E-learning

Turningpoint handsetPersonal Response Systems

What are they?

Synonyms: audience response systems; group response systems; electronic voting systems; clickers

These are systems where students have a wireless handset - like a TV zapper - which allows them to vote in response to a multiple choice type question posed by their lecturer.

The possible answers and a summary of the responses are displayed graphically on a PC screen (which can be projected so that all the students can see).

Such systems typically comprise:

  • handsets or transmitters for students
  • receivers installed in classrooms
  • software
  • a PC

The pedagogic benefits are:

  • interaction promotes active learning
  • immediate feedback to the lecturer on how well students are understanding concepts
  • quick and easy formative feedback which promotes deeper learning
  • they can be used on a large scale to give individual feedback to students on their knowledge and understanding

There are many ways of using clicker technology in different settings and for different purposes and the page on using PRS clickers in your teaching outlines some of the reasons you might want to use them and ways in which you can make the most of their functionality. There are also some clicker alternatives which serve similar or related functions and amy be more useful for your context.

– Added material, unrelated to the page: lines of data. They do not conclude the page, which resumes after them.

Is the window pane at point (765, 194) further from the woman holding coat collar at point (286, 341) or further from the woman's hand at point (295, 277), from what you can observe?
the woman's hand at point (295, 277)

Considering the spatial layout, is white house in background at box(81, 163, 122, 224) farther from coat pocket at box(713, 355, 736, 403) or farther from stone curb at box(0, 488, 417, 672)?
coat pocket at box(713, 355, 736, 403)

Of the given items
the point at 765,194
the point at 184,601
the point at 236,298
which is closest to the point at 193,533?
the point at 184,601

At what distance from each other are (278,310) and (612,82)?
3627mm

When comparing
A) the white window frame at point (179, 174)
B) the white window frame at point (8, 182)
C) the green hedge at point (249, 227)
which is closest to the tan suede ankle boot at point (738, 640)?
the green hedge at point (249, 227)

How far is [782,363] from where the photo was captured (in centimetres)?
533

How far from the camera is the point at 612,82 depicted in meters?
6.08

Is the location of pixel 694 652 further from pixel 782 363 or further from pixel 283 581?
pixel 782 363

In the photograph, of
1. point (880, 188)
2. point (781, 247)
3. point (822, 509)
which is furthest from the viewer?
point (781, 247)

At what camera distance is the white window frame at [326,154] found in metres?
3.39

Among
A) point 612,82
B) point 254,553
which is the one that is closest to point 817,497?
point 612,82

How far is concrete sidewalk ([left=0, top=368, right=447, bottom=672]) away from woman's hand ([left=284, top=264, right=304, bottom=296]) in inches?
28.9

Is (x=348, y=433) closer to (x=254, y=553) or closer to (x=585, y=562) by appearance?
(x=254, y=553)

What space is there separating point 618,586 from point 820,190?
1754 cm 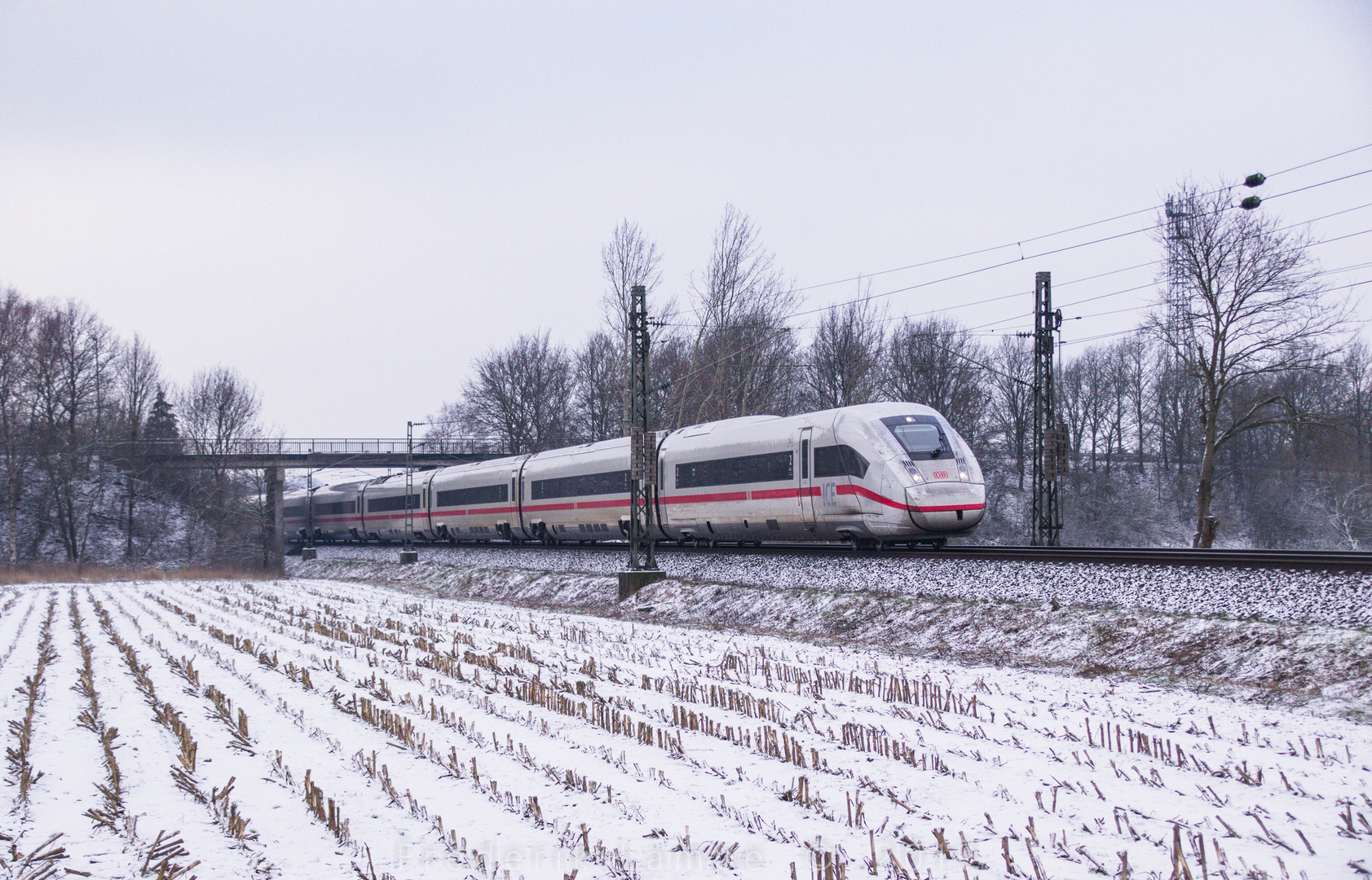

Staff can borrow sets of 'clickers' from the Teaching and Learning Development Unit, which also runs events to demonstrate their use.

You can also access a range of tutorials from TurningPoint whose system we are using at Sussex.

The University of Edinburgh has produced an accessible 'brief introduction to why you might want to use clickers and how to use them effectively' based on their experience.  This includes links to relevant literature.

You can see and hear Derek Bruff, a leading writer on the use of clickers, giving a keynote presentation on Motivating Engagement and Learning Using Classroom Response Systems at the 2010 Engaging Students Through In-Class Technology (ECSTICT) conference. Or you can read his book Teaching with Classroom Response Systems which is held in the TLDU library.
Andrew Dent's presentation Engineering adventures through Audience Response Systems is also useful, but you will need Microsoft Silverlight to view it

The Derek Bok Center for Teaching and Learning at Harvard hosts a video demonstration of Teaching with Personal Response System 'clickers' in Physics by Professor Eric Mazur and a helpful guide to good question design.

Away from the sciences, this video from the Strathclyde University looks at using clickers in a French course.